As with a similar set of new ABC rules that redefine what constitutes "paid" newspaper circulation, the new magazine rules reflect the tensions between publishers, who feel compelled to produce artificially big rate bases for advertisers, and advertisers, who nevertheless want the "quality" readership that paid subscriptions imply. This has bred an unhealthy situation where profit has been leeched out of the circulation side of publishing while publishers at the same time have tried to obscure their circulation-building tactics from advertisers.
It was not easy to get this far, and there no doubt will be critics of the new plan among advertisers. Publishers get some relief from the standard in the previous ABC rules specifying that only subscriptions sold for at least 50% of the basic rate can be counted as paid. In exchange, ABC statements will provide print buyers more complete information about what subscribers are actually paying.

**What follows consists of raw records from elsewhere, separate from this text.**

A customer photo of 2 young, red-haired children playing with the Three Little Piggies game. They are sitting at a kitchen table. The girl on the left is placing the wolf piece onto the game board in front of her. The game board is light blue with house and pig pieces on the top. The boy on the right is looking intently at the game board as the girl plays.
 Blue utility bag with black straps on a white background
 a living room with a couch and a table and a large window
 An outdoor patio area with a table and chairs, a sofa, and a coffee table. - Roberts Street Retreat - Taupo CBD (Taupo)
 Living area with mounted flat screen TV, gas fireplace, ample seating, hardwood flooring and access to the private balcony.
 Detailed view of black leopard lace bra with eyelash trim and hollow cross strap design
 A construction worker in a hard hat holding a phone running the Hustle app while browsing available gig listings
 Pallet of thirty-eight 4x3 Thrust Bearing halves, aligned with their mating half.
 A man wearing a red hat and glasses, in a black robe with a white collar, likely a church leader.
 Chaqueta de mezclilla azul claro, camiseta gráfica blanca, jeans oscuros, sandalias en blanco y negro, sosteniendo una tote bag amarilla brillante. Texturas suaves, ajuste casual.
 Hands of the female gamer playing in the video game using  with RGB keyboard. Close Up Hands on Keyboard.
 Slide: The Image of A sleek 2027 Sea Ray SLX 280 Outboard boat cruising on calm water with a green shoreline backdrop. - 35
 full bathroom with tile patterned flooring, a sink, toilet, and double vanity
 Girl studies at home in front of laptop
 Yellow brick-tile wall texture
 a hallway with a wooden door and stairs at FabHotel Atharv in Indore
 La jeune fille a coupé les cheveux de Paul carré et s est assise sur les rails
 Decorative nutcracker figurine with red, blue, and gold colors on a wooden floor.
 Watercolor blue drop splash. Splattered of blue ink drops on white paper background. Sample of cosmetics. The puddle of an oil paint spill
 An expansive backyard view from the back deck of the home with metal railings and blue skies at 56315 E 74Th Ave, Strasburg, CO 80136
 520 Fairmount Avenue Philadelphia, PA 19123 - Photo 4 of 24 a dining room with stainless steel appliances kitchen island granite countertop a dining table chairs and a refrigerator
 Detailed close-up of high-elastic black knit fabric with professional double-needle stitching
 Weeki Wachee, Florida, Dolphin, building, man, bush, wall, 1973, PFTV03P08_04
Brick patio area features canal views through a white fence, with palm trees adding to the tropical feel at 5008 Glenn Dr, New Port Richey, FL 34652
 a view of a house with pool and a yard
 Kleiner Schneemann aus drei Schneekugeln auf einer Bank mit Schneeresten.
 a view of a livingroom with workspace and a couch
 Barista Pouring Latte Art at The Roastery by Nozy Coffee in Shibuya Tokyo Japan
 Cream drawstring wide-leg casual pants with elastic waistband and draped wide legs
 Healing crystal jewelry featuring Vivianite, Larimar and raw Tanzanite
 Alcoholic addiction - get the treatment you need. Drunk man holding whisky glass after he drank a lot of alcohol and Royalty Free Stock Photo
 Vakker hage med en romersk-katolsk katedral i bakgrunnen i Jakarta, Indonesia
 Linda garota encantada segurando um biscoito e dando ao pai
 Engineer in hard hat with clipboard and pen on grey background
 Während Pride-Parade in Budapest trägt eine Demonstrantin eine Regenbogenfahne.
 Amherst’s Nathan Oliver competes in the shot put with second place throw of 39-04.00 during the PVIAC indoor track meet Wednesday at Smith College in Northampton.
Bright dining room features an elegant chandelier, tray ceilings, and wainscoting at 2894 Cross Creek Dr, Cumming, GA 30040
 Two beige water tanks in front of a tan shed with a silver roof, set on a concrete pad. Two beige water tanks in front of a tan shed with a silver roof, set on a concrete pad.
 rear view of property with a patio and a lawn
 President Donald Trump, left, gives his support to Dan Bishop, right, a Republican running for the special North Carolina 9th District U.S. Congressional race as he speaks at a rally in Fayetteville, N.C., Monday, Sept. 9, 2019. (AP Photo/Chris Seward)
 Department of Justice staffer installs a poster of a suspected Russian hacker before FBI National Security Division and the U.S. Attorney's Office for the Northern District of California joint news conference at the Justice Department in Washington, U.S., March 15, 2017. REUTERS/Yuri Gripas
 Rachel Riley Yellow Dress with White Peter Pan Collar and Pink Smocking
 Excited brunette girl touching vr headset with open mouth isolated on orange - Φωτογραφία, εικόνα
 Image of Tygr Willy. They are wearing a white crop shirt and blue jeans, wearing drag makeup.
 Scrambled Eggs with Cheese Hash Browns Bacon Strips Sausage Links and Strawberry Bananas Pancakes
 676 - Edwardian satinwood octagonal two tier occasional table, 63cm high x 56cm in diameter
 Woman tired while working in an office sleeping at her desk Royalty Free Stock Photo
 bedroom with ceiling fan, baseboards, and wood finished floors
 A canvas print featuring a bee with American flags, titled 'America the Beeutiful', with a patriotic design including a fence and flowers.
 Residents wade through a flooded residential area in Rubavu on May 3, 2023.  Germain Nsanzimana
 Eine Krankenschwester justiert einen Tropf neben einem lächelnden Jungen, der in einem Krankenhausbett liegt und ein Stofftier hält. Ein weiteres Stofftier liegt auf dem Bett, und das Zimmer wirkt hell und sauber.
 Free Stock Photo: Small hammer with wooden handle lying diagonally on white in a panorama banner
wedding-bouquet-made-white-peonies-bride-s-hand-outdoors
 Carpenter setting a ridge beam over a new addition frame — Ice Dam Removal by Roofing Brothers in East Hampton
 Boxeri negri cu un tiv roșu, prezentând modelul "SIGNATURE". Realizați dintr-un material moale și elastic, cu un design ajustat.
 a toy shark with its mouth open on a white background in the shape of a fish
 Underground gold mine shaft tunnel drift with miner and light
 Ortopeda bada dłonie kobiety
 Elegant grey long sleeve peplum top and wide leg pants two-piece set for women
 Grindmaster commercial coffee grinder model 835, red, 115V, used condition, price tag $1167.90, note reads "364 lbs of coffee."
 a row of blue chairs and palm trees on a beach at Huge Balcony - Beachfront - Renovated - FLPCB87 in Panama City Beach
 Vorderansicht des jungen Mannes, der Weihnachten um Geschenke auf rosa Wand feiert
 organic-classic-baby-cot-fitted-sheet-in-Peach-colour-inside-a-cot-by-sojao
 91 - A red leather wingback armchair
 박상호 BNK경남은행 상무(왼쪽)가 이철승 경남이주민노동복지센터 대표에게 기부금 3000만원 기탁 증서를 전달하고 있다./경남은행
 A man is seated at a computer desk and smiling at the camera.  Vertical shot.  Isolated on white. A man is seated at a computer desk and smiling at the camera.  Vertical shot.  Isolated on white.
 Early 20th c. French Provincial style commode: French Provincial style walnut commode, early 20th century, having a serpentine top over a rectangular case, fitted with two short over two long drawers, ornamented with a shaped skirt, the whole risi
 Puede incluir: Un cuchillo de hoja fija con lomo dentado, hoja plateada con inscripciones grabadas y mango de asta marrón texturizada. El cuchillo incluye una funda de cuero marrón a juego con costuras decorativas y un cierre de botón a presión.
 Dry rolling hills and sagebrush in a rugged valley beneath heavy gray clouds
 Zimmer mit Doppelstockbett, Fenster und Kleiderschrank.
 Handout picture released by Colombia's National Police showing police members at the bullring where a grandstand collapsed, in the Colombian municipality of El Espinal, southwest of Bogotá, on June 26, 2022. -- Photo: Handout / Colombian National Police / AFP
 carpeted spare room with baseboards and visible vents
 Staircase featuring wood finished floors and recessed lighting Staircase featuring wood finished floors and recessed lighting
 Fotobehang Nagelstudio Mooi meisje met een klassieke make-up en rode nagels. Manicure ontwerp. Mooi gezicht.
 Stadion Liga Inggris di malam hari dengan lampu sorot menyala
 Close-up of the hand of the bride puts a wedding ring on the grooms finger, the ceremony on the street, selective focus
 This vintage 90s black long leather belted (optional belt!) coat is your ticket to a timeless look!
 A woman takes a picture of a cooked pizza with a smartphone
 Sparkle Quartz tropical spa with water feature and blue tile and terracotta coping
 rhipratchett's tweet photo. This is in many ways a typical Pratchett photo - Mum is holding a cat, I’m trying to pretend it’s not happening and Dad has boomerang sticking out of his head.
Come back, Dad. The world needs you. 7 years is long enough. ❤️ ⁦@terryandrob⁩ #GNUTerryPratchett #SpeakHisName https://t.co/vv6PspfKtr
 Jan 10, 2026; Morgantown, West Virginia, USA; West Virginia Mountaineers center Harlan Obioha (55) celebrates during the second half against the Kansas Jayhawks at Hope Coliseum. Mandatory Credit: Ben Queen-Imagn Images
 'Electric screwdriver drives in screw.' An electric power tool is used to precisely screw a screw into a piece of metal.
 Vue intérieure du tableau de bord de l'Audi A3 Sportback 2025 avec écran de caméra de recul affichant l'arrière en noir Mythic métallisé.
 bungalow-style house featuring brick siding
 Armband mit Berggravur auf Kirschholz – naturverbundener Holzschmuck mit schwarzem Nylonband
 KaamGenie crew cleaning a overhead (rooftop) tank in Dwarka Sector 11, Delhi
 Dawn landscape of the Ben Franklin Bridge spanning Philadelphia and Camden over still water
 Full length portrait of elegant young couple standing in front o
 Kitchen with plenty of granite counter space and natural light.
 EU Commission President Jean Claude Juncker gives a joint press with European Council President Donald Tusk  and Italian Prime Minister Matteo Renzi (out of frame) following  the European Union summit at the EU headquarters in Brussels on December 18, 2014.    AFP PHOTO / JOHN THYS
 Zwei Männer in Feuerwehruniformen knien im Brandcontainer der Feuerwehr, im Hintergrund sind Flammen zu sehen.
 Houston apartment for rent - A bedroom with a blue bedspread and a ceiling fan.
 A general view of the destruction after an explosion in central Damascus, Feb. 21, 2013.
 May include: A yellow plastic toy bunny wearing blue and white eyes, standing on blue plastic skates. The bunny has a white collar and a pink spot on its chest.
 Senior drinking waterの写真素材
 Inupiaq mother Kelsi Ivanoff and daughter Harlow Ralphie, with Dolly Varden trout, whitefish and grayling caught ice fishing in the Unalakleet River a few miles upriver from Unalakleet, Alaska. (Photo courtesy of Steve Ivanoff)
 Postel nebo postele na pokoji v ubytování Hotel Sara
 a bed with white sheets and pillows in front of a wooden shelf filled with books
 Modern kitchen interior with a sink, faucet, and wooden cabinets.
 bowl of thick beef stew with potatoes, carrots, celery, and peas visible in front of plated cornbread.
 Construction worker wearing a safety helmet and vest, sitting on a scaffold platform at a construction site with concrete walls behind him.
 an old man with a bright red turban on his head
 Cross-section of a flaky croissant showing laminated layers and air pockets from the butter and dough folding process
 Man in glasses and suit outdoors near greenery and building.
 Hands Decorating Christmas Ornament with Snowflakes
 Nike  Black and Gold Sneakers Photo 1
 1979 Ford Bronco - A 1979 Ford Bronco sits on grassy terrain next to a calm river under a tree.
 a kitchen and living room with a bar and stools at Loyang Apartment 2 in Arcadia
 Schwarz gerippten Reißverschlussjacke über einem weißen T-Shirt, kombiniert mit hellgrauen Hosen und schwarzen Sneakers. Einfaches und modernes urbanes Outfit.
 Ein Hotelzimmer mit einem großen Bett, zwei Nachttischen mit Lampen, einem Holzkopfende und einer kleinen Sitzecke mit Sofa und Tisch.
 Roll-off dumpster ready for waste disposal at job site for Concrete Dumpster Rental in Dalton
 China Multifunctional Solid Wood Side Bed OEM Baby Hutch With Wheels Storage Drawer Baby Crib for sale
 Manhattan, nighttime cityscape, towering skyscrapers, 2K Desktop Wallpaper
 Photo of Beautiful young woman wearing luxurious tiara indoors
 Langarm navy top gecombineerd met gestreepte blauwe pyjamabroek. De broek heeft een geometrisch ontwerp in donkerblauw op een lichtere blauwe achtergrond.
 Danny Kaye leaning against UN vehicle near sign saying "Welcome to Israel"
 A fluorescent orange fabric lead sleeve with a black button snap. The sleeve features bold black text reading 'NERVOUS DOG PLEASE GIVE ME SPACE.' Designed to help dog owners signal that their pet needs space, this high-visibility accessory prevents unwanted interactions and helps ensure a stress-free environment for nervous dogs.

While changing the details of the ABC rules can be helpful, the circulation quandary publishers and magazine advertisers face is bigger than how things are reported on an audit form. Magazines are not just imagining that there is pressure to report bigger and bigger rate bases. They're reacting to the many ad buyers who see robust circulation, no matter how costly it is to acquire, as a measure of health, and rate base reductions as a sign of weakness.
The real cure is for advertisers to give publishers their support when they try to charge a fair price for their magazines, even if that means letting circulations settle to levels that are both sustainable and profitable.